What is difficult for laypeople to under­stand, Dorina Opris explains with a vivid image: "You can imagine these polysiloxanes like a pot full of snakes that constantly want to move." The polar groups have a twofold effect on them. First, they make the molecular snakes more sensitive to electric fields, so they respond to low voltages. Second, they act like a kind of glue between the molecules; this "stiffens" them, reducing their elasticity. It is necessary to fine-tune both effects to achieve maximum success. For a practical application, the transition from the solid to the elastic state at low temperatures is important so that the technology can later be used at room temperature.

In addition, such polymer structures still have to be chemically crosslinked so that they can become elastic layers - for example, by UV light and with the help of so-called end groups: quasi-molecular "hats" that the snakes carry at their ends. But in laboratory practice, it has so far proved tricky to reliably provide these polymers with defined end groups. "That annoys me!" admits Opris with a smile.

Healthy ambition is needed for the TRANS project, which the chemist herself calls "very, very ambitious". The team is optimistic that earlier work has already produced encouraging results; such as a polysiloxane compound that reacted to a voltage of only 300 volts and deformed strongly - an extremely low value. Printing capacitor layers without solvents has also already been achieved. And a doctoral candidate recently developed a piezoelectric elastomer that, when stretched, exhibits a significantly higher electrical response than other compounds currently in use.

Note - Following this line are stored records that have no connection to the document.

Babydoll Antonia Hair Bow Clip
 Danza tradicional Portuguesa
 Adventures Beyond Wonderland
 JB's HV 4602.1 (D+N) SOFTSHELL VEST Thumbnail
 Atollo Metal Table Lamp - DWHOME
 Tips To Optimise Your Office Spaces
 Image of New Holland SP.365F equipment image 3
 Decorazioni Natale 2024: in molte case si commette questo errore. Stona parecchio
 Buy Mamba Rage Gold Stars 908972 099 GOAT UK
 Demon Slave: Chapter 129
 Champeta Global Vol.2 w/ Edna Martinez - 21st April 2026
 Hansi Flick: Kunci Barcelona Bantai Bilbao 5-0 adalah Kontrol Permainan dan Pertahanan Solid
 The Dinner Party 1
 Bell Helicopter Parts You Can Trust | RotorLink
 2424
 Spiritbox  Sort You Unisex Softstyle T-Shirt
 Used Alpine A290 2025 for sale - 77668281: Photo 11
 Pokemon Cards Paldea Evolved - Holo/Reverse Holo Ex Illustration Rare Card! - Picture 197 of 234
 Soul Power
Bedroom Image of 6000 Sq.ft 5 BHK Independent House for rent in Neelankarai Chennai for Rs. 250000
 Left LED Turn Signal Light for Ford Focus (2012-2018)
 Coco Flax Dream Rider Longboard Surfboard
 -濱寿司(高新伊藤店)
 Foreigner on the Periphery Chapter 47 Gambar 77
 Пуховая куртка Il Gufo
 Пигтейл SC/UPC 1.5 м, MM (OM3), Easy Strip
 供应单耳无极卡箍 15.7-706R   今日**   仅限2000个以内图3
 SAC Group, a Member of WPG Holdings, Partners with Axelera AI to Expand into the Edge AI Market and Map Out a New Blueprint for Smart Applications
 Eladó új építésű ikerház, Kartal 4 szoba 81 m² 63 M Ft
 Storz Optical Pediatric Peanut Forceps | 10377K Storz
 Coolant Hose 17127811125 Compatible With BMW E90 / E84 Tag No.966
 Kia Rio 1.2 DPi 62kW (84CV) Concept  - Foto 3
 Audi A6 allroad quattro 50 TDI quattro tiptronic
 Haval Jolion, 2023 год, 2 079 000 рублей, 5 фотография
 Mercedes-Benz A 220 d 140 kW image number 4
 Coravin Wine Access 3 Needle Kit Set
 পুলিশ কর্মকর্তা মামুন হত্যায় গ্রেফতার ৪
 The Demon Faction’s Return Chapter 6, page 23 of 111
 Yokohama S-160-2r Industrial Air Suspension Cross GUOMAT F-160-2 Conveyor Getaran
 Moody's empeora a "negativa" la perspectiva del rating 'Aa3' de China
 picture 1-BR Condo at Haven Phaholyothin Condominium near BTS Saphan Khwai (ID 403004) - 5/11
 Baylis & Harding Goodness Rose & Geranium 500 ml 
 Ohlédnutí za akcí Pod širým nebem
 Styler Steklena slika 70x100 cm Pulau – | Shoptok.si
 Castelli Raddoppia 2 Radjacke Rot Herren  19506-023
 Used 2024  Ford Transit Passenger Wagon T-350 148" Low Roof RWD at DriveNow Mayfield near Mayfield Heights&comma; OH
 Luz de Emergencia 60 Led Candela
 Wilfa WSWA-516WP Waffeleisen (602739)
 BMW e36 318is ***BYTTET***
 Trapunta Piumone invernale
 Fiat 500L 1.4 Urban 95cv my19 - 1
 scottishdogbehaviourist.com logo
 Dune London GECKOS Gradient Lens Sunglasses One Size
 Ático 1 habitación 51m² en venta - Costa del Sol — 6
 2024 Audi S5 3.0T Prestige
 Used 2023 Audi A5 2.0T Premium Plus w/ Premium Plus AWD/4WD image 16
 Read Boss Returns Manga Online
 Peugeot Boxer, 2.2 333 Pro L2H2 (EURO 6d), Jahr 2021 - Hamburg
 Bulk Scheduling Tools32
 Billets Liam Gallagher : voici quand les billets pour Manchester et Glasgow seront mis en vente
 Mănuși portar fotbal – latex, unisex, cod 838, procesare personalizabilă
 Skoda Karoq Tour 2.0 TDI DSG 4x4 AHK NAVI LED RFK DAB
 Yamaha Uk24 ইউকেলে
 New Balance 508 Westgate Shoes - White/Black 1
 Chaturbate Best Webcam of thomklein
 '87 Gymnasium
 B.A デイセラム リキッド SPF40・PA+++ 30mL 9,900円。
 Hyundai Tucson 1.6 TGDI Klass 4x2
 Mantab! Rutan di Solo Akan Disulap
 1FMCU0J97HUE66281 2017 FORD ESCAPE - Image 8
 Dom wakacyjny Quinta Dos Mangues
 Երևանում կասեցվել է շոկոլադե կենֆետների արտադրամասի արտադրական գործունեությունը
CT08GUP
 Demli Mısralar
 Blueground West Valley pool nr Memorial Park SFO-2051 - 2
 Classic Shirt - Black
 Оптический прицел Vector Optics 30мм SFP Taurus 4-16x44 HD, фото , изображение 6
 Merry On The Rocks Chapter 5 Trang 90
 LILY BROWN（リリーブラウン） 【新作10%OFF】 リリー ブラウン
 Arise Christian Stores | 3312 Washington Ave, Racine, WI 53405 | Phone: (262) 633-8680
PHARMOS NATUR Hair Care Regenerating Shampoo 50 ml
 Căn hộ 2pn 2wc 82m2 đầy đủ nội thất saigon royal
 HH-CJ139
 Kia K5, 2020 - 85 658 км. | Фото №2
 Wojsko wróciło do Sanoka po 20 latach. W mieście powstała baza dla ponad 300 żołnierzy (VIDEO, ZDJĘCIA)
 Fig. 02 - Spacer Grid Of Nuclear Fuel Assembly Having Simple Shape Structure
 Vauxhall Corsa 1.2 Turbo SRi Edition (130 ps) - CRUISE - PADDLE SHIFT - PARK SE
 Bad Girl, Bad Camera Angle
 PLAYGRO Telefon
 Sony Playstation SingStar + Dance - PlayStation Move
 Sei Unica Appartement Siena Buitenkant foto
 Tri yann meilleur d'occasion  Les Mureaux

Creativity and team spirit for success

To achieve successes that prove valuable for practical applications, of course, many more steps are needed - and the qualities that brought Dorina Opris to Empa and ETH Zurich. Not only stamina and the ability to turn failed attempts into progress, but also creating an inspiring environment for employees that allows for open debate and even mistakes so that good ideas can emerge.

And above all: optimism. Young researchers, she thinks, should be given exciting and challenging projects and then allowed to work independently to keep them motivated. Her advice to talented women based on her own biography: "Don’t wait until someone pushes you to do research. You have to be self-motivated and strong and follow through! And take a risk sometimes, too."

Dorina Opris’ career path

The researcher studied chemistry at Babes-Bolyai University in Romania and later completed her doctorate in inorganic chemistry there and at Freie Universität Berlin. In 2006, she joined Empa’s Functional Polymers lab as a postdoc. Since 2014, she has headed the Functional Polymeric Materials research group; in 2023, she was appointed titular professor at ETH Zurich. In addition to diverse work on polymers such as polysiloxanes, she performs peer-reviewing activities with renowned publishers. Dorina Opris has also been a member of Empa’s Research Commission since 2016.

With the research project ­"Synthesis of novel stimuli-­responsive dielectric polymers and their use in powerful transducers" (TRANS), Dorina Opris is building a multidisciplinary team to develop printable dielectric polymers. They can convert one form of energy into another - be it electrical voltage into strain or motion and temperature changes into electricity. Potential applications range from actuators and sensors to soft robotics to energy storage and solid-state cooling. The project is scheduled to run for five years until April 2026. The TRANS project was selected from more than 2,500 applications to receive an ERC Consolidator Grant.